All lines from the one containing "Erdoğan BM'ye fotoğraflarla" through the final line of the listing below, and no others, must be returned exactly; no pictures belong in the copy.

_PROVIDED DATA_.
╭──

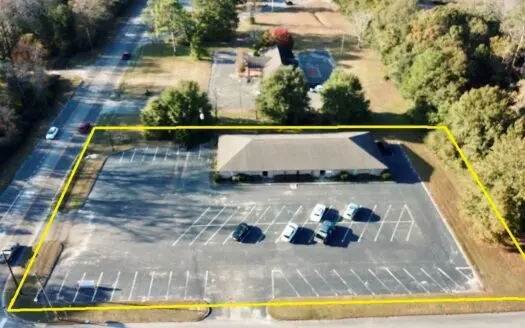 6036 Sq.Ft. Commercial Building For Sale Geneva, Alabama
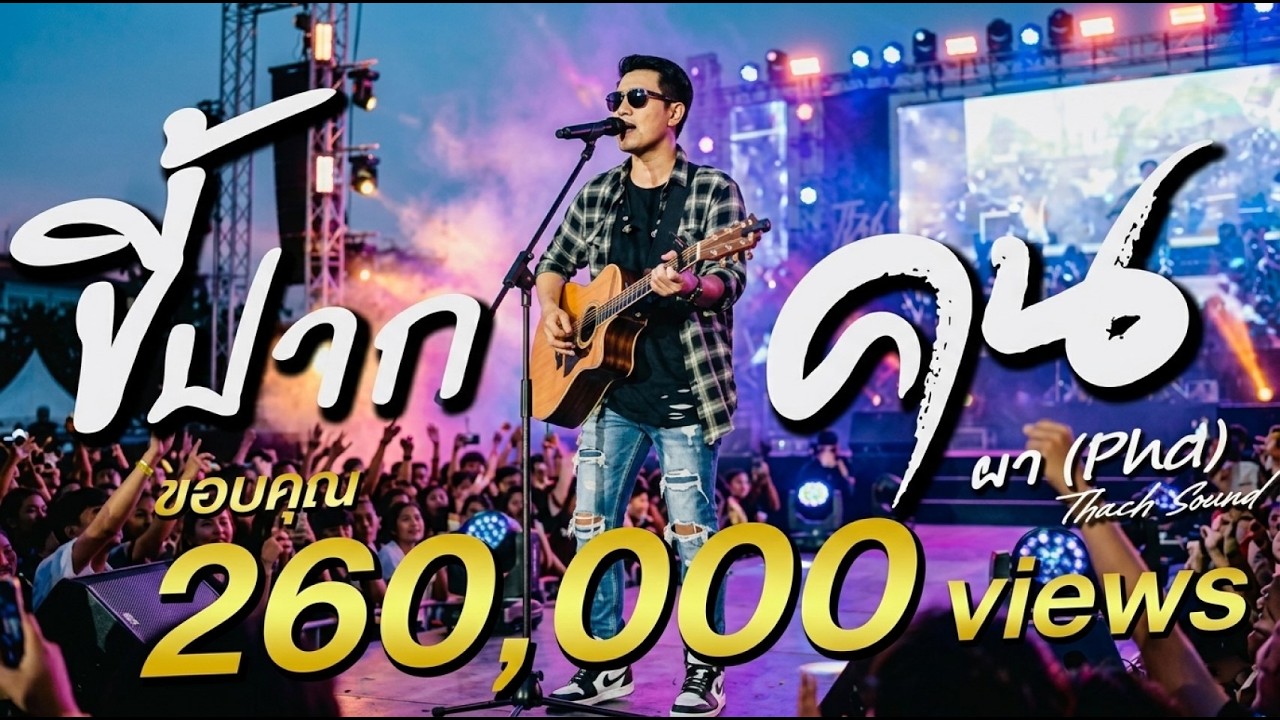 ขี้ปากคน - ผา (Pha) | เพลงลูกทุ่งอีสาน 2026 เนื้อหาโดนใจคนทำงาน | Thach Sound [Official Audio]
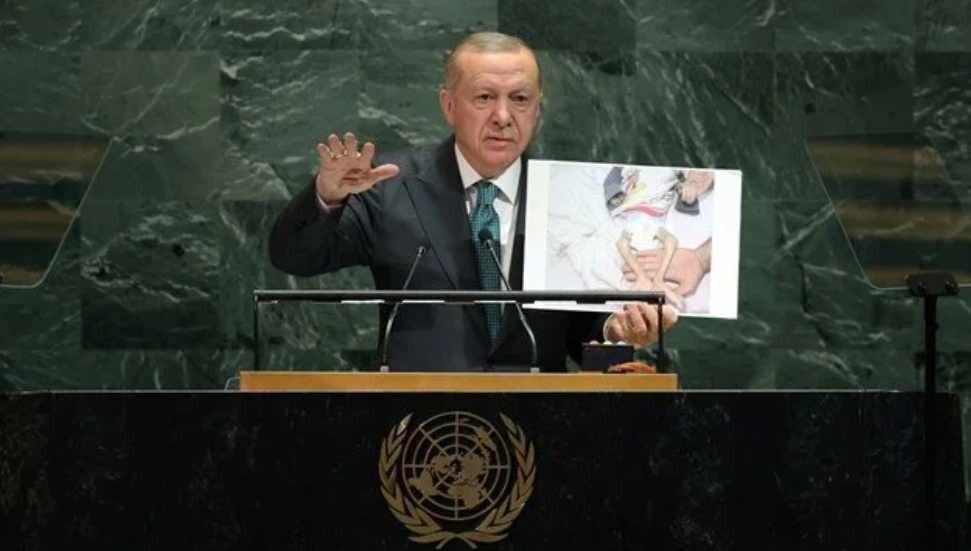 Erdoğan BM'ye fotoğraflarla seslendi: İşte o fotoğrafların hikayesi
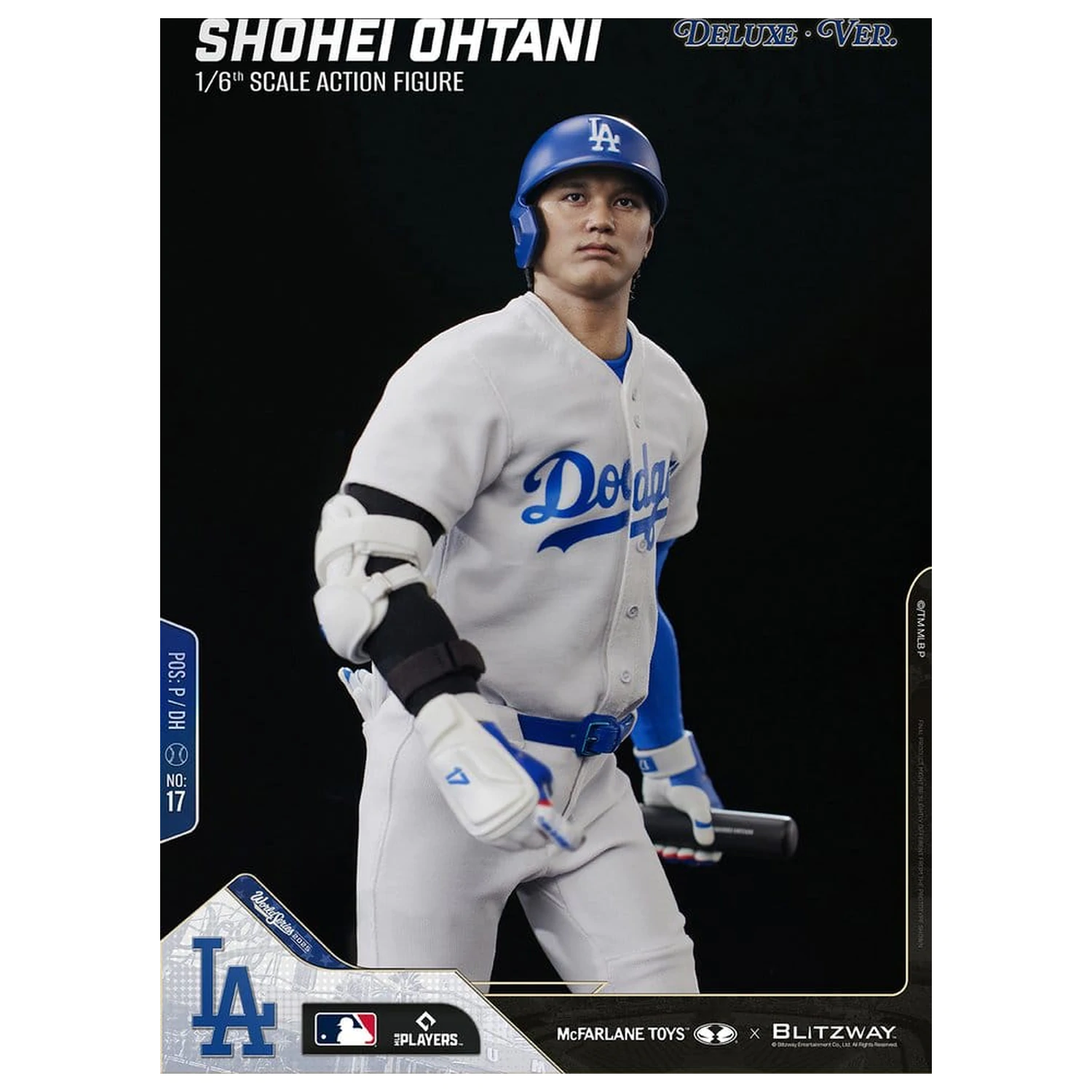 Major League Baseball Premium UMS Actionfigur 1/6 Ohtani Shohei (DX Ver.) 35 cm Produktfoto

╰──

_REPLY TO THE EXERCISE_.
 Erdoğan BM'ye fotoğraflarla seslendi: İşte o fotoğrafların hikayesi
 Major League Baseball Premium UMS Actionfigur 1/6 Ohtani Shohei (DX Ver.) 35 cm Produktfoto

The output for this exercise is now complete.